_RECORDS TO USE_.
..............................
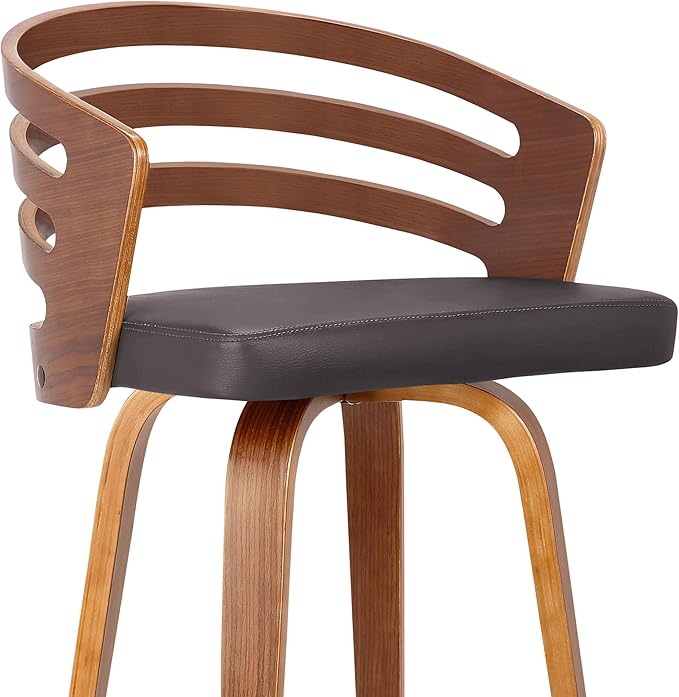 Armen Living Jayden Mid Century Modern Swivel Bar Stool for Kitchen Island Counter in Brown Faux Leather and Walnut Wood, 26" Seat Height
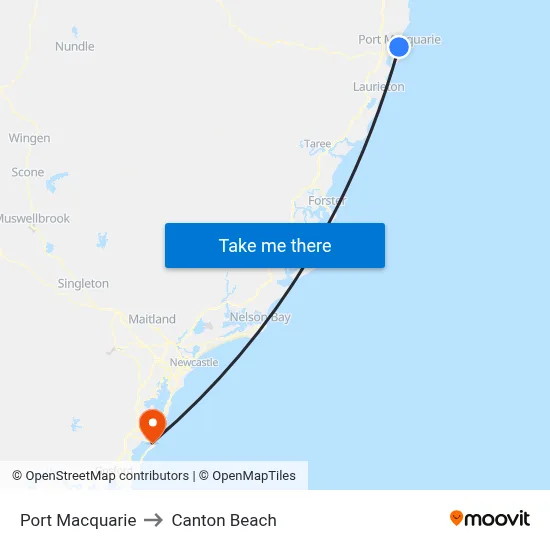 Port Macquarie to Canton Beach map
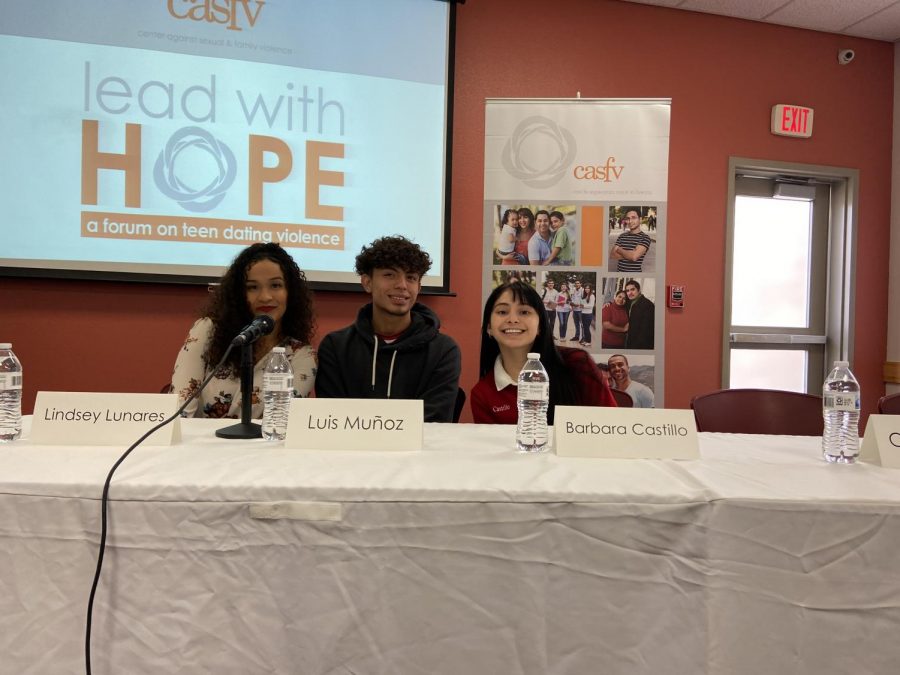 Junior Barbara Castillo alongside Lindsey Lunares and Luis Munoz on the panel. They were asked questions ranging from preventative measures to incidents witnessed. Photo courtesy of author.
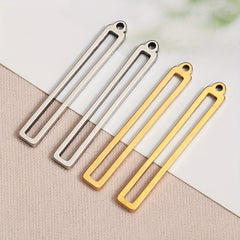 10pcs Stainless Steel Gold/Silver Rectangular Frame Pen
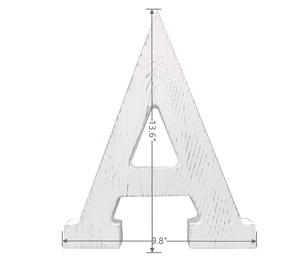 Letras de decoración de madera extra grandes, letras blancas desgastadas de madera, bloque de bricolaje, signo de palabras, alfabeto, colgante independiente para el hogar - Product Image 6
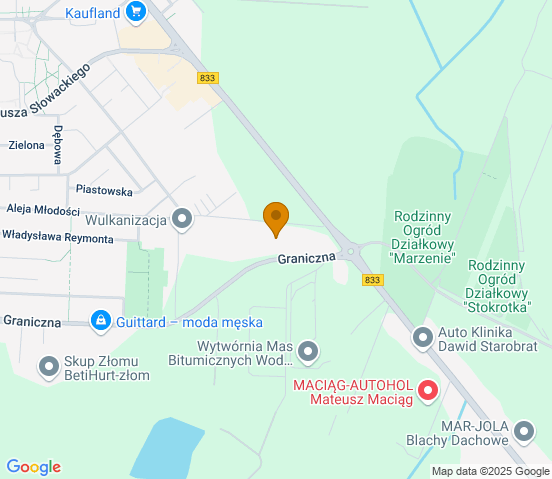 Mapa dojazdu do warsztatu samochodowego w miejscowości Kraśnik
..............................
_PROBLEM_. Find the line that has "Port Macquarie to Canton Beach map" in the listing, then retype it and each later line up to the last, exactly. Leave pictures out.

_TASK RESULT_.
 Port Macquarie to Canton Beach map
 Junior Barbara Castillo alongside Lindsey Lunares and Luis Munoz on the panel. They were asked questions ranging from preventative measures to incidents witnessed. Photo courtesy of author.
 10pcs Stainless Steel Gold/Silver Rectangular Frame Pen
 Letras de decoración de madera extra grandes, letras blancas desgastadas de madera, bloque de bricolaje, signo de palabras, alfabeto, colgante independiente para el hogar - Product Image 6
 Mapa dojazdu do warsztatu samochodowego w miejscowości Kraśnik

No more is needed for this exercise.